§ **YOUR TASK**: Every line of the records that holds the word "sign" should be copied out.

§ **ENTRIES PROVIDED**:
——

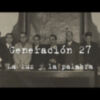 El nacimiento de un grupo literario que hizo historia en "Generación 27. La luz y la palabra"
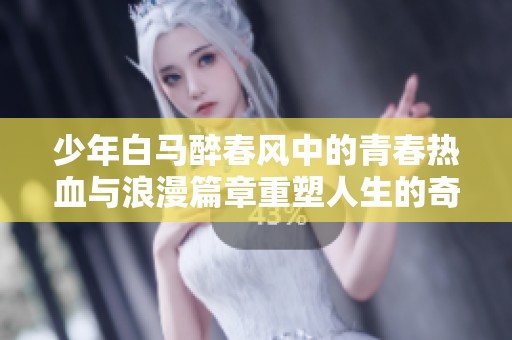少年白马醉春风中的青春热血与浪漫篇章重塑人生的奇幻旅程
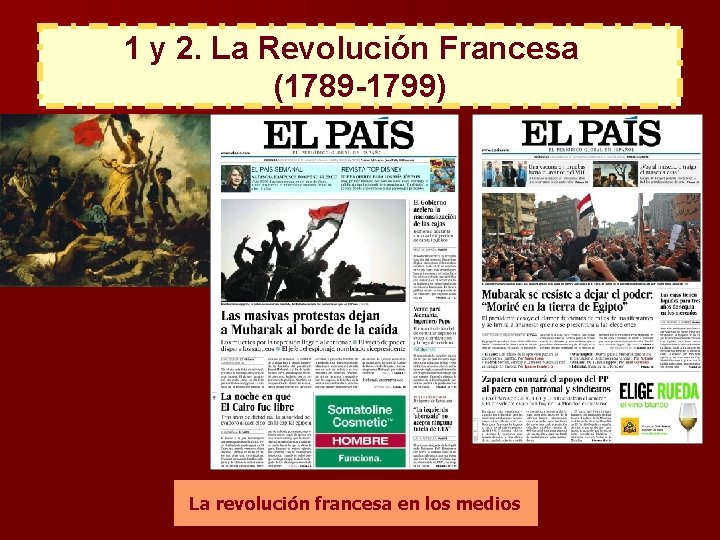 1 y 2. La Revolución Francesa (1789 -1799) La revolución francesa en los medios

——

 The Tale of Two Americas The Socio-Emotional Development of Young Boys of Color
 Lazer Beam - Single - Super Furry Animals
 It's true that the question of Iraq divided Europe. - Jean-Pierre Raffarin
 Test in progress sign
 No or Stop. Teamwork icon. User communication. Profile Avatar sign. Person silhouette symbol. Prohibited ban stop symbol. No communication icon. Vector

——

§ **RESPONSE BELOW**:
 Test in progress sign
 No or Stop. Teamwork icon. User communication. Profile Avatar sign. Person silhouette symbol. Prohibited ban stop symbol. No communication icon. Vector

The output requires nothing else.